• What the exercise asks: Top to bottom, give the entries again exactly as written.

[Web page caption snippets]
- - - - -

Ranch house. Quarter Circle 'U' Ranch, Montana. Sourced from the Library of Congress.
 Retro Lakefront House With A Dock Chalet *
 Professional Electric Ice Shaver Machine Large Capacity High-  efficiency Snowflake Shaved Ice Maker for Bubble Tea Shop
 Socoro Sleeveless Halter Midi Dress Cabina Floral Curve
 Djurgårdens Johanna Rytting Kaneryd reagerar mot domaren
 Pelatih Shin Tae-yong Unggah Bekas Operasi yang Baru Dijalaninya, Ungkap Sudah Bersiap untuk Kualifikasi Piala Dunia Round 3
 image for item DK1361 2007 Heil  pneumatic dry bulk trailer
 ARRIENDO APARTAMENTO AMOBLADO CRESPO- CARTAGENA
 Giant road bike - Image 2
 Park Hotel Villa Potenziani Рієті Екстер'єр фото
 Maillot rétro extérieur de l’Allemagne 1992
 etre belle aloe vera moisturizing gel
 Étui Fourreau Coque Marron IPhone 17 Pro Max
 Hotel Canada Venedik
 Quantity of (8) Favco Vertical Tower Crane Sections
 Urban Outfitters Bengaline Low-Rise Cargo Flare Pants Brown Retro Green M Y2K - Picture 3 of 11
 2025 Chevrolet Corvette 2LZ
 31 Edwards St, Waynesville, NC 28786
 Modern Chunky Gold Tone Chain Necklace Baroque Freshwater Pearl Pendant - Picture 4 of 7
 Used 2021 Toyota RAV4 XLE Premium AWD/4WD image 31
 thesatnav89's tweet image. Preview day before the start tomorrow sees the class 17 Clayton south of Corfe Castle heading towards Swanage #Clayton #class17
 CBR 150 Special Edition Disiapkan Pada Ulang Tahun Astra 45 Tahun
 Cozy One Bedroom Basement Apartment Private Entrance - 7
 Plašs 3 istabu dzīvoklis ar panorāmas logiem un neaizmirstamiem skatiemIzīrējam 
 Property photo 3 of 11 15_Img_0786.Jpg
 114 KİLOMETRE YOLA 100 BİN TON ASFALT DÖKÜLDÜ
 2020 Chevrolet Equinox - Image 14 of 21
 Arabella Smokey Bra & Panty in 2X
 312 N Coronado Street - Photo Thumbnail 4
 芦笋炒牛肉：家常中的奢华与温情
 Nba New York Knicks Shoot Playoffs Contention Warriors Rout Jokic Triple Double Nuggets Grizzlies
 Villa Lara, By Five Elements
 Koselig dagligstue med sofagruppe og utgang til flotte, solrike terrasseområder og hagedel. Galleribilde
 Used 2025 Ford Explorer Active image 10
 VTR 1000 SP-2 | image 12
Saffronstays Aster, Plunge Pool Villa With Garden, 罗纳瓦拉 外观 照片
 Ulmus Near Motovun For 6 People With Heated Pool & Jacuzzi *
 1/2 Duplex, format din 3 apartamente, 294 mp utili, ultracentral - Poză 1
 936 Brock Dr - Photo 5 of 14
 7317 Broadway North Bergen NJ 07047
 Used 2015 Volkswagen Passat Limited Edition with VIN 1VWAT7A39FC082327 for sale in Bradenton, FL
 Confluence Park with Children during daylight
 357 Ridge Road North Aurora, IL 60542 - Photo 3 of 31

- - - - -

• Final answer:
Ranch house. Quarter Circle 'U' Ranch, Montana. Sourced from the Library of Congress.
 Retro Lakefront House With A Dock Chalet *
 Professional Electric Ice Shaver Machine Large Capacity High-  efficiency Snowflake Shaved Ice Maker for Bubble Tea Shop
 Socoro Sleeveless Halter Midi Dress Cabina Floral Curve
 Djurgårdens Johanna Rytting Kaneryd reagerar mot domaren
 Pelatih Shin Tae-yong Unggah Bekas Operasi yang Baru Dijalaninya, Ungkap Sudah Bersiap untuk Kualifikasi Piala Dunia Round 3
 image for item DK1361 2007 Heil  pneumatic dry bulk trailer
 ARRIENDO APARTAMENTO AMOBLADO CRESPO- CARTAGENA
 Giant road bike - Image 2
 Park Hotel Villa Potenziani Рієті Екстер'єр фото
 Maillot rétro extérieur de l’Allemagne 1992
 etre belle aloe vera moisturizing gel
 Étui Fourreau Coque Marron IPhone 17 Pro Max
 Hotel Canada Venedik
 Quantity of (8) Favco Vertical Tower Crane Sections
 Urban Outfitters Bengaline Low-Rise Cargo Flare Pants Brown Retro Green M Y2K - Picture 3 of 11
 2025 Chevrolet Corvette 2LZ
 31 Edwards St, Waynesville, NC 28786
 Modern Chunky Gold Tone Chain Necklace Baroque Freshwater Pearl Pendant - Picture 4 of 7
 Used 2021 Toyota RAV4 XLE Premium AWD/4WD image 31
 thesatnav89's tweet image. Preview day before the start tomorrow sees the class 17 Clayton south of Corfe Castle heading towards Swanage #Clayton #class17
 CBR 150 Special Edition Disiapkan Pada Ulang Tahun Astra 45 Tahun
 Cozy One Bedroom Basement Apartment Private Entrance - 7
 Plašs 3 istabu dzīvoklis ar panorāmas logiem un neaizmirstamiem skatiemIzīrējam 
 Property photo 3 of 11 15_Img_0786.Jpg
 114 KİLOMETRE YOLA 100 BİN TON ASFALT DÖKÜLDÜ
 2020 Chevrolet Equinox - Image 14 of 21
 Arabella Smokey Bra & Panty in 2X
 312 N Coronado Street - Photo Thumbnail 4
 芦笋炒牛肉：家常中的奢华与温情
 Nba New York Knicks Shoot Playoffs Contention Warriors Rout Jokic Triple Double Nuggets Grizzlies
 Villa Lara, By Five Elements
 Koselig dagligstue med sofagruppe og utgang til flotte, solrike terrasseområder og hagedel. Galleribilde
 Used 2025 Ford Explorer Active image 10
 VTR 1000 SP-2 | image 12
Saffronstays Aster, Plunge Pool Villa With Garden, 罗纳瓦拉 外观 照片
 Ulmus Near Motovun For 6 People With Heated Pool & Jacuzzi *
 1/2 Duplex, format din 3 apartamente, 294 mp utili, ultracentral - Poză 1
 936 Brock Dr - Photo 5 of 14
 7317 Broadway North Bergen NJ 07047
 Used 2015 Volkswagen Passat Limited Edition with VIN 1VWAT7A39FC082327 for sale in Bradenton, FL
 Confluence Park with Children during daylight
 357 Ridge Road North Aurora, IL 60542 - Photo 3 of 31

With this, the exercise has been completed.